米国においては、連邦政府機関に対し省エネを促す、あるいは省エネルギーを目的としたパフォーマンス契約を実施することを認めるなどの形で、直接・間接的に、連邦政府内においてESCOが浸透するような立法措置が取られている。しかし、一部の例外を除き連邦政府の対応は遅れており、その理由は、政府機関は予算縮小に反対的な立場をとること、連邦政府及び連邦調達規則にエネルギー・パフォーマンス契約が明確に書き込まれていないことなどであるとされる。
(イ) 欧州
欧州ではESCOは、TPF(Third Party Finance)と呼ばれるているが、最近ではESCOといった呼称も一般的になりつつあるようである。米国に比較しESCOはあまり活発とはいえなかったようであるが、東欧諸国を対象にしたこのビジネスが近年脚光を浴びつつある。
英国では18のESCOが活動中である。大手2社が市場の50%をしめる寡占状態にあり、大手2社は全てのエネルギーサービスを提供しているが、多くのESCOは以下のようなサービスを行っている。

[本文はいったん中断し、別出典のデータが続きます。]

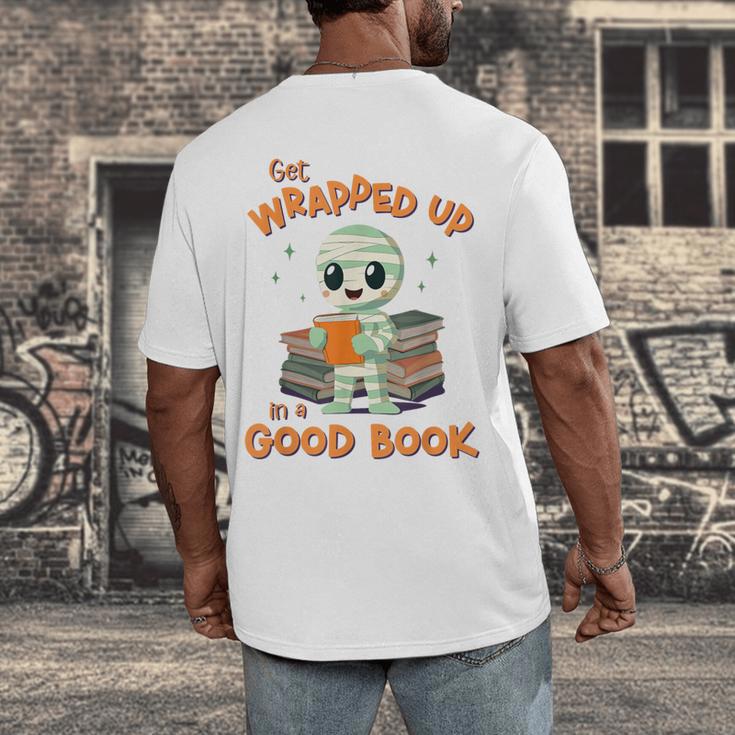 Cute Halloween Teacher Librarian Mummy Reading Books Men's Back Print T-Shirt Cute Halloween Teacher Librarian Mummy Reading Books Men's Back Print T-Shirt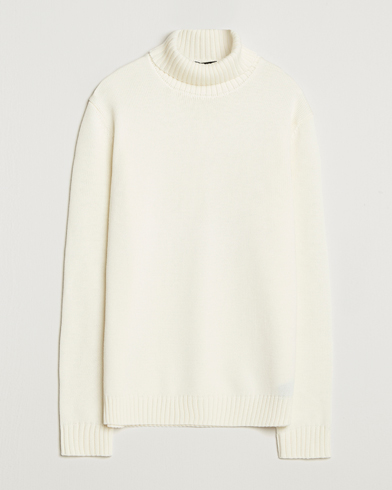 Zanone Virgin Merino Wool Rollneck Latte – White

・大規模コージェネレーションの導入に関わる資本と技術の提供
・プラントの操業及び保守に関わる広範なサービスの提供。及び小型コージェネレーション、ボイラの導入に関わる資本と技術の提供
・照明、圧搾空気などの特定サービスの提供
大規模コージェネレーションの契約に関しては、電力会社も興味を示している。大規模コージェネレーションの契約に関する契約は、長期間に及ぶことが多く、英国のように規制緩和が行われている国にあっては、このような契約は、電力会社にとっても有利な契約になるためである。すなわち、電力の契約は1〜2年であるのに対し、コージェネレーションの導入のようなエネルギー・サービス契約は10〜15年の長期にわたるため、大口優良顧客を安定的に確保することにつながるからである。